Le président nigérian Bola Tinubu a ordonné aux forces de sécurité de traquer les hommes armés accusés d’avoir tué des dizaines de personnes et enlevé des habitants de quatre villages de l’État du Niger.
Les attaques ont eu lieu vendredi dernier dans la région reculée de Borgu, près des frontières du Nigeria avec le Bénin et les États de Kebbi et de Kwara.
Des habitants ont rapporté que plusieurs mosquées avaient été attaquées simultanément alors que les fidèles étaient en prière. Un responsable local de la jeunesse a déclaré que jusqu’à 500 personnes pourraient avoir été prises en otage, bien que ce chiffre n’ait pas été vérifié de manière indépendante.
L’ampleur des enlèvements est apparue plus clairement après que les assaillants ont partagé une vidéo sur les réseaux sociaux montrant un groupe de personnes assises dans une forêt. Les ravisseurs ont affirmé que les personnes figurant sur la vidéo faisaient partie des victimes enlevées lors des attaques.
Le porte-parole de la police, Wasiu Abiodun, a déclaré à la BBC que plus de 40 personnes avaient été tuées, bien que les autorités n’aient pas encore établi de bilan précis.
Les assaillants, vêtus de tenues de type militaire, auraient attaqué Dekara, Gidan Zana, Sabon Gida et Masaka.
Pour certaines familles, les images ont apporté la première lueur d’espoir de savoir que des proches disparus étaient encore en vie.
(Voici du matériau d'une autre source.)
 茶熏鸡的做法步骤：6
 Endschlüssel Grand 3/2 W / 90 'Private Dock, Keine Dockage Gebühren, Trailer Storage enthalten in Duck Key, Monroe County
D’autres restent sans nouvelles de leurs familles disparues.
De nombreux habitants ont fui la région, selon un blogueur local connaissant bien le terrain. Certains auraient trouvé refuge dans les États nigérians voisins ou auraient franchi la frontière vers le Bénin.
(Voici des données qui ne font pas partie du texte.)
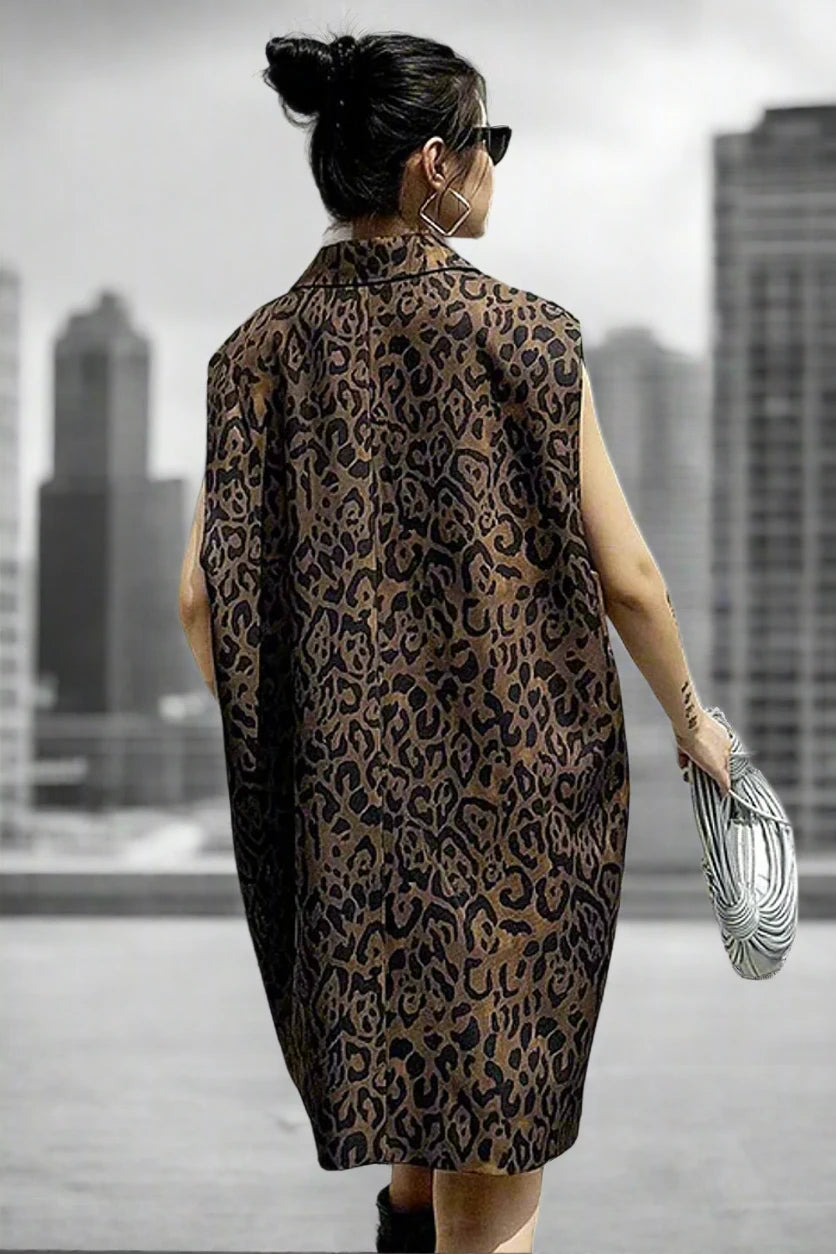 Feral Grace Leopard Vest Dress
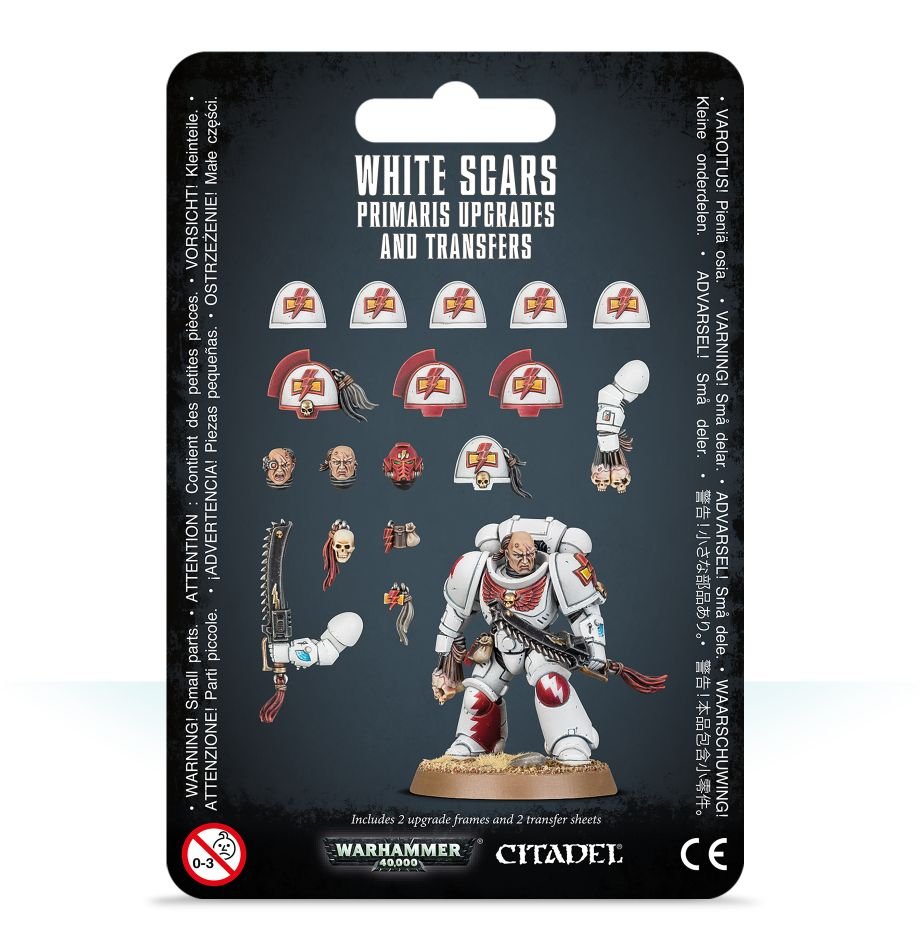 Warhammer 40K: White Scars - Primaris Upgrades & Transfers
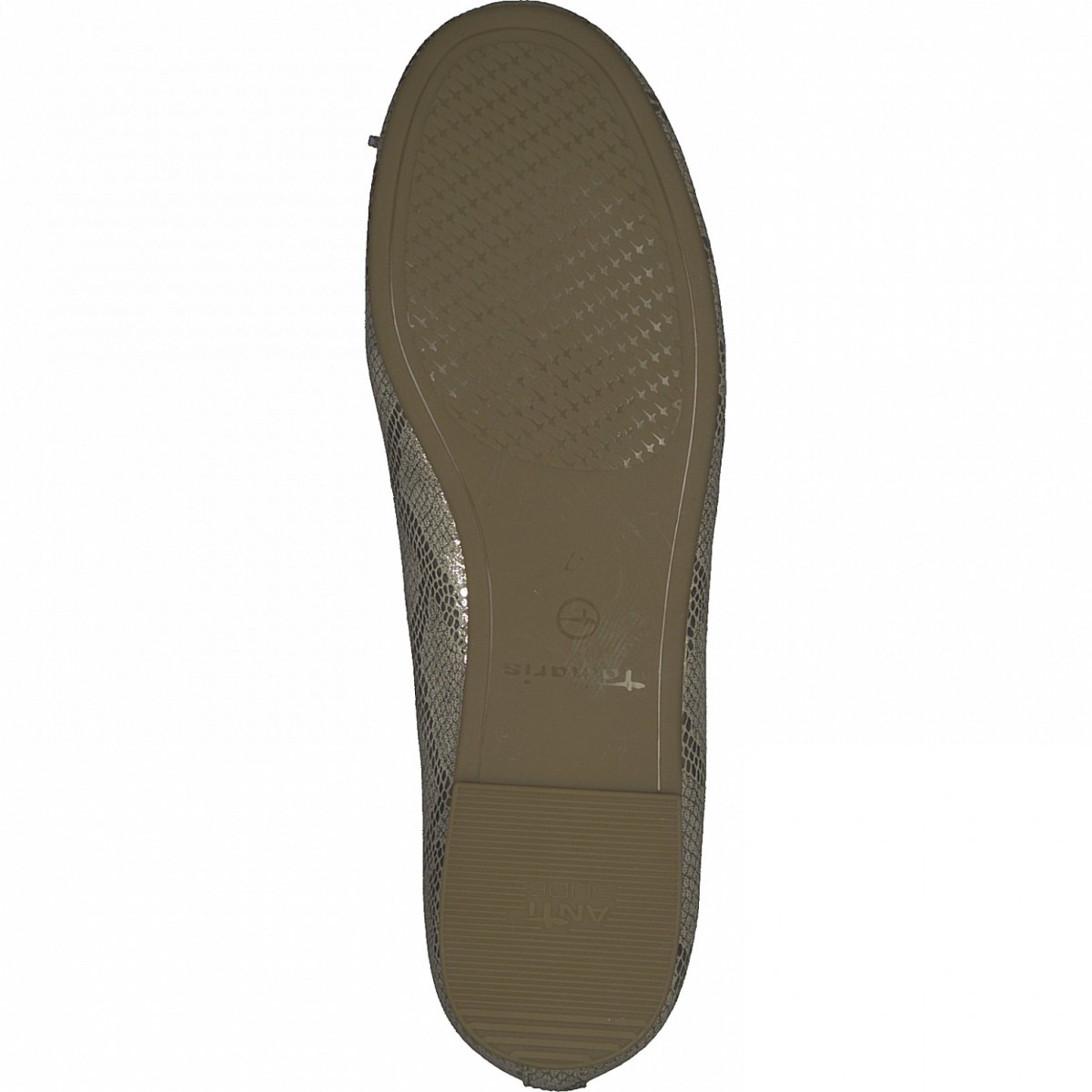 detail Dámské baleríny Tamaris 22111-26 352 zlatá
Plusieurs survivants sont hospitalisés, dont des personnes grièvement blessées.
Un responsable local a également déclaré que les assaillants avaient placé des engins explosifs improvisés en conduisant les personnes enlevées vers la forêt. Il a ajouté qu’un adolescent avait été tué par l’explosion d’un de ces engins alors qu’il tentait de s’échapper.
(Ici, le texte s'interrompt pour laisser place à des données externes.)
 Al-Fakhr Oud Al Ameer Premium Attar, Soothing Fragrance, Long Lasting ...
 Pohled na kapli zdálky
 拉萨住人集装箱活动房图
Dans un communiqué publié par le porte-parole de la présidence, Bayo Onanuga, le président Tinubu a condamné les meurtres et les enlèvements. Il a affirmé que les responsables seraient poursuivis et traduits en justice, et a présenté ses condoléances aux familles des victimes.
Les autorités avaient initialement soupçonné que les assaillants étaient des bandits armés, des groupes criminels opérant dans certaines régions du Nigeria et fréquemment impliqués dans des enlèvements, des pillages et des demandes de rançon. Aucune demande de rançon n’a été signalée en lien avec les dernières attaques.
Ces violences accentuent les inquiétudes croissantes en matière de sécurité dans la région de Borgu. Plus tôt ce mois-ci, la police a annoncé le sauvetage de 145 personnes enlevées dans quatre autres villages de la région.
Les autorités locales ont également mis en garde contre la présence croissante de groupes djihadistes dans certaines parties du nord-ouest du Nigeria et le long de la frontière avec le Bénin. Selon elles, certains combattants se sont récemment infiltrés dans les communautés et ont imposé des restrictions religieuses aux habitants.
Ces dernières attaques risquent d’alimenter les inquiétudes quant à la capacité du gouvernement à protéger les populations des zones reculées où les groupes armés sont de plus en plus actifs.